La richiesta di cessate il fuoco a Gaza non compare tra le misure provvisorie chieste dalla Corte Internazionale di Giustizia dell’Aja a Israele, ma i giudici del tribunale Onu hanno deciso di respingere la richiesta di archiviazione di Tel Aviv rispetto all’accusa di genocidio mossa dal Sudafrica per l’operazione militare nella Striscia. La Corte procederà, quindi, e le motivazioni di questa decisione, pronunciate dalla giudice americana Joan Donoghue, sono chiare: “Almeno alcuni atti sembrano in grado di rientrare nella convenzione sul genocidio”. In sostanza, secondo i giudici dell’Aja, alcune azioni compiute da Israele potrebbero configurare l’atto di genocidio contro il popolo palestinese di Gaza.

La scelta dei giudici dell’Aja, che inizia ora il suo lavoro per arrivare a una sentenza definitiva, rappresenta comunque un punto di svolta del conflitto esploso dopo l’attacco di Hamas del 7 ottobre scorso, nel quale vennero uccisi 1.200 civili. Al di là dei pareri contrastanti, dei cambi di posizione della comunità internazionale, delle accuse e di alleanze che si fanno e si disfanno sulla pelle di, al momento, 25mila persone uccise dai raid israeliani, è la prima volta dall’inizio della guerra che un tribunale internazionale esprime un giudizio sull’operato dell’esercito e del governo israeliano a Gaza. La giudice entra anche nello specifico e sottolinea la gravità di alcune dichiarazioni di ministri del governo Netanyahu. Proprio queste verranno analizzate per stabilire se costituiscono un incitamento al genocidio. Il riferimento è, ad esempio, alle parole del ministro della Difesa, Yoav Gallant, quando promise che “non ci sarà elettricità, né cibo, né carburante” nella Striscia e che le forze israeliane stavano “combattendo animali umani“. Affermazioni che Donoghue ha ricordato affiancandole ad altre pronunciate dal presidente Isaac Herzog e dal ministro degli Esteri Israel Katz.

Ma soprattutto, ciò che deve essere verificato è se vi sia stata, nell’azione di Israele, la volontà di procedere con l’uccisione sistematica di un popolo in quanto tale, precondizione necessaria affinché si possa parlare di genocidio. Alcune delle azioni intraprese, dicono i giudici, fanno ipotizzare che ci sia effettivamente stata una violazione della convenzione sul genocidio.

In attesa della sentenza definitiva, ciò che la Corte poteva fare era disporre delle misure provvisorie alle quali Israele deve attenersi, anche se L’Aja non ha alcun potere che le permetta di vigilare sulla loro effettiva attuazione.

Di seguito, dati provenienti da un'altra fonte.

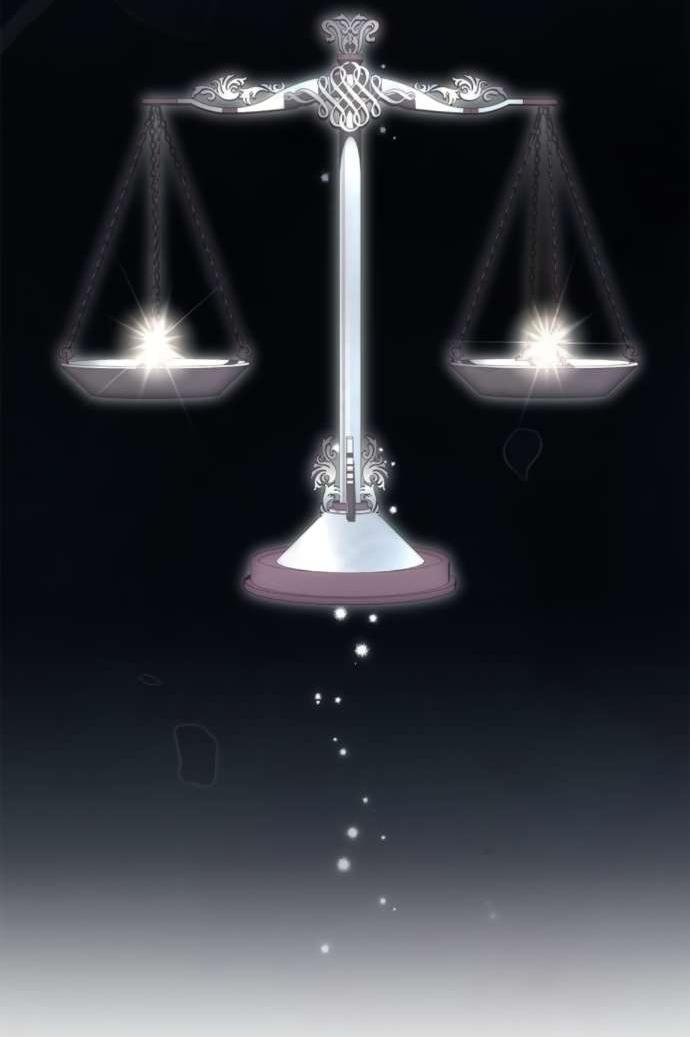 Манга Тайная служанка графа - Глава 72 Страница 44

Tra queste non compare però l’ordine di andare verso un rapido cessate il fuoco, come ci si attendeva, ma si trovano altre iniziative “per prevenire qualunque atto di genocidio a Gaza”. Si tratta nello specifico di “misure immediate ed efficaci per consentire la fornitura dei servizi di base e dell’assistenza umanitaria” necessari per affrontare le condizioni di vita dei palestinesi nella Striscia. Per fare ciò, a Tel Aviv viene dato un mese di tempo per riferire di fronte alla Corte sulle iniziative intraprese, senza, specificano, alterare o nascondere eventuali prove del presunto genocidio a Gaza. Inoltre, il governo deve “prendere misure per prevenire e punire coloro che incitano al genocidio” dei palestinesi. Dopo queste raccomandazioni, la Corte ha anche voluto lanciare un appello per il rilascio immediato e incondizionato degli ostaggi israeliani.

I giudici si sono basati, oltre che sul dossier presentato dal Sudafrica, anche sui rapporti delle Nazioni Unite che da mesi ormai, anche con il segretario generale Antonio Guterres, denunciano i raid nella Striscia e chiedono un cessate il fuoco che eviti ulteriore spargimento di sangue. Non a caso, Donoghue ha citato il coordinatore dei soccorsi d’emergenza delle Nazioni Unite, Martin Griffiths, secondo cui “Gaza è diventata un luogo di morte e disperazione“, dove sono state sfollate 1,7 milioni di persone in una striscia di terra diventata “inabitabile“.

Con questa prima decisione della Corte, aumenta la pressione sul governo d’Israele, chiamato a rispettare le disposizioni del principale organismo giuridico delle Nazioni Unite e pressato dagli alleati per arrivare a un cessate il fuoco. La tregua permanente, però, potrebbe mettere fine alla vita politica di Netanyahu e a trattative per la nascita di uno Stato palestinese. Tutto quello che Bibi vuole evitare.